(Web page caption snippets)
-------------------------

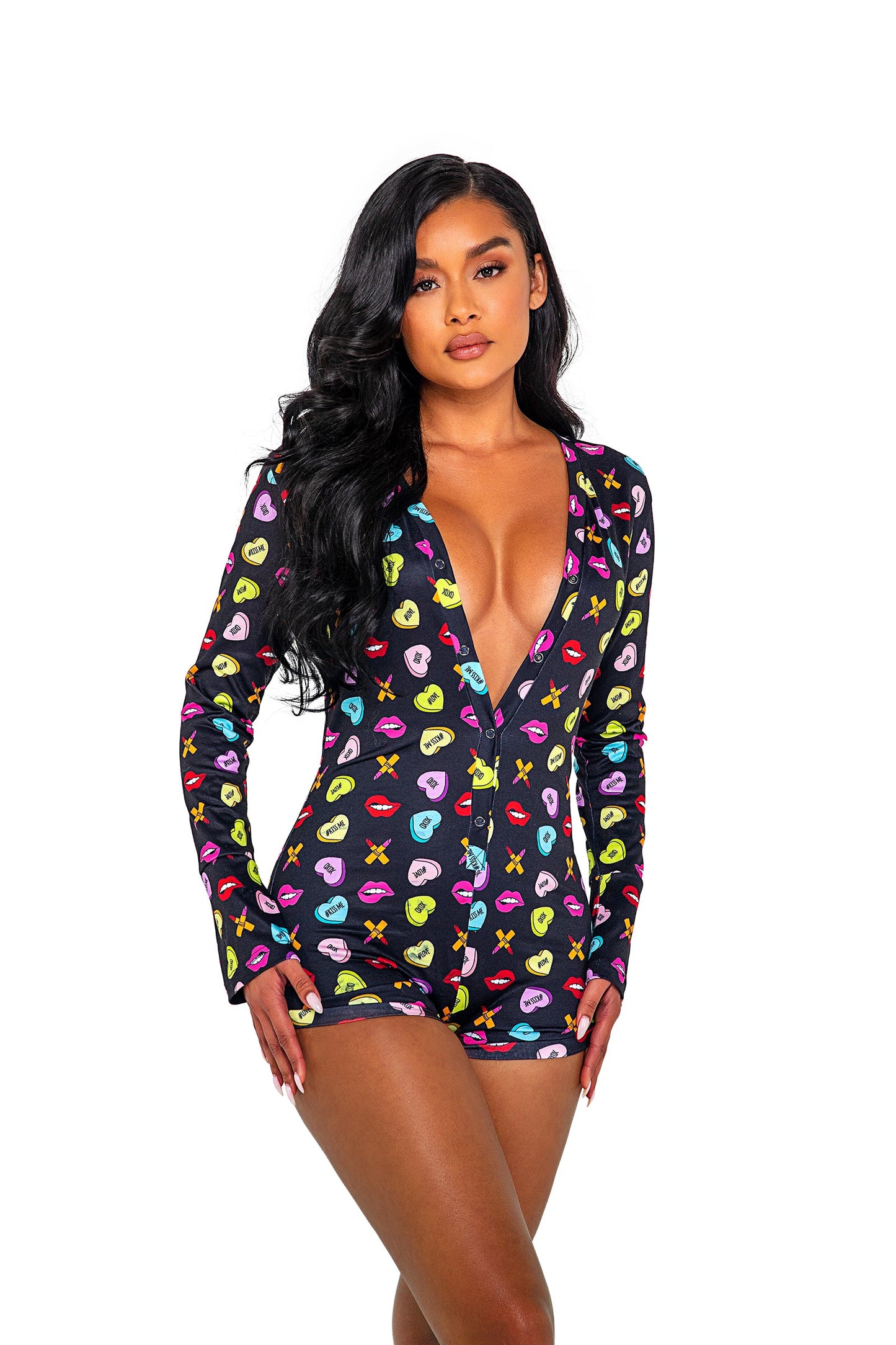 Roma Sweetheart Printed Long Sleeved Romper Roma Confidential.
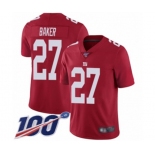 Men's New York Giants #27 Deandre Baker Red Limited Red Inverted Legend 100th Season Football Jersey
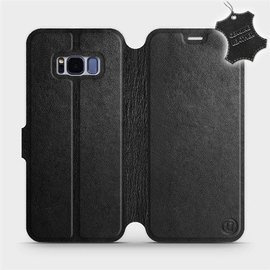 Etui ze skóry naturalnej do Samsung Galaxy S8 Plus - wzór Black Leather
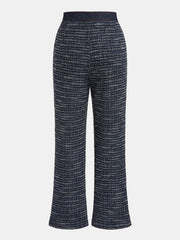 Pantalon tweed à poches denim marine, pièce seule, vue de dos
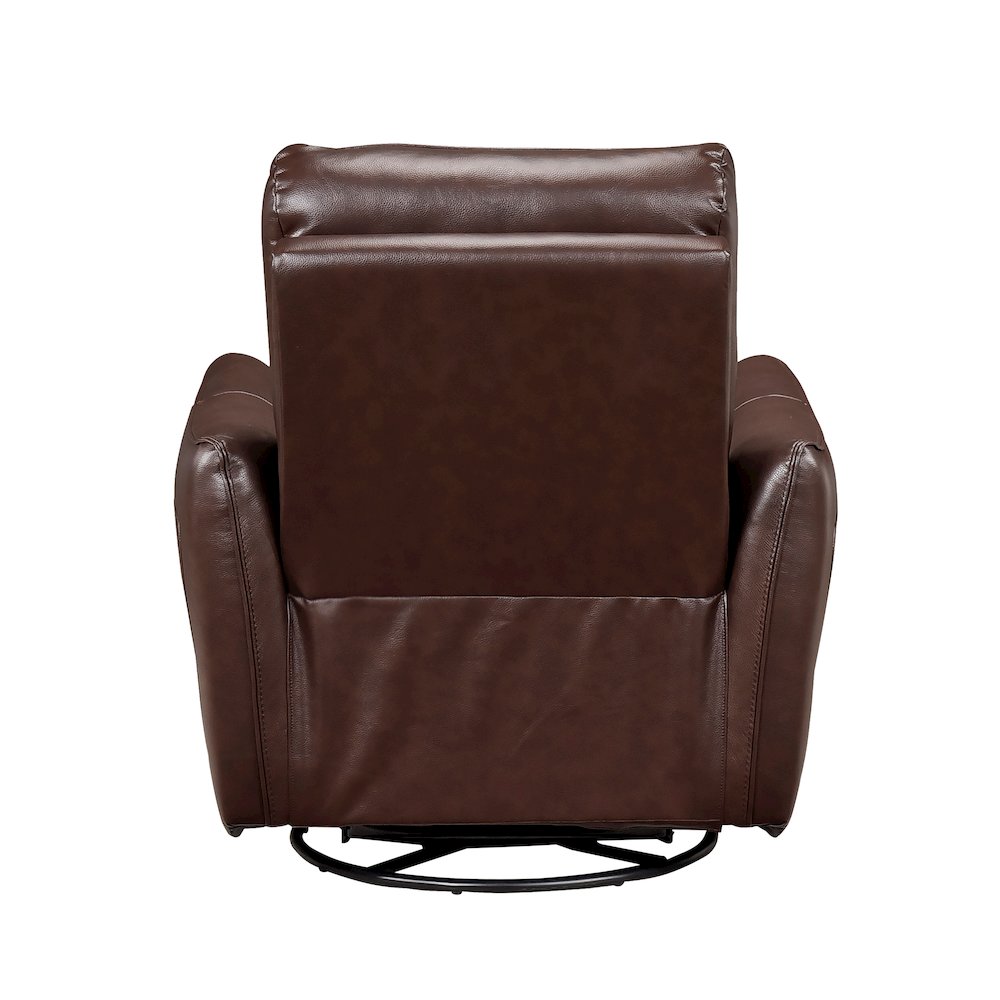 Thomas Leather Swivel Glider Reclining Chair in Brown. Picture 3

-------------------------

# What needs to be done
Write the entries out again exactly as they appear, with the pictures omitted.

# Your response
 Roma Sweetheart Printed Long Sleeved Romper Roma Confidential.
 Men's New York Giants #27 Deandre Baker Red Limited Red Inverted Legend 100th Season Football Jersey
 Etui ze skóry naturalnej do Samsung Galaxy S8 Plus - wzór Black Leather
 Pantalon tweed à poches denim marine, pièce seule, vue de dos
 Thomas Leather Swivel Glider Reclining Chair in Brown. Picture 3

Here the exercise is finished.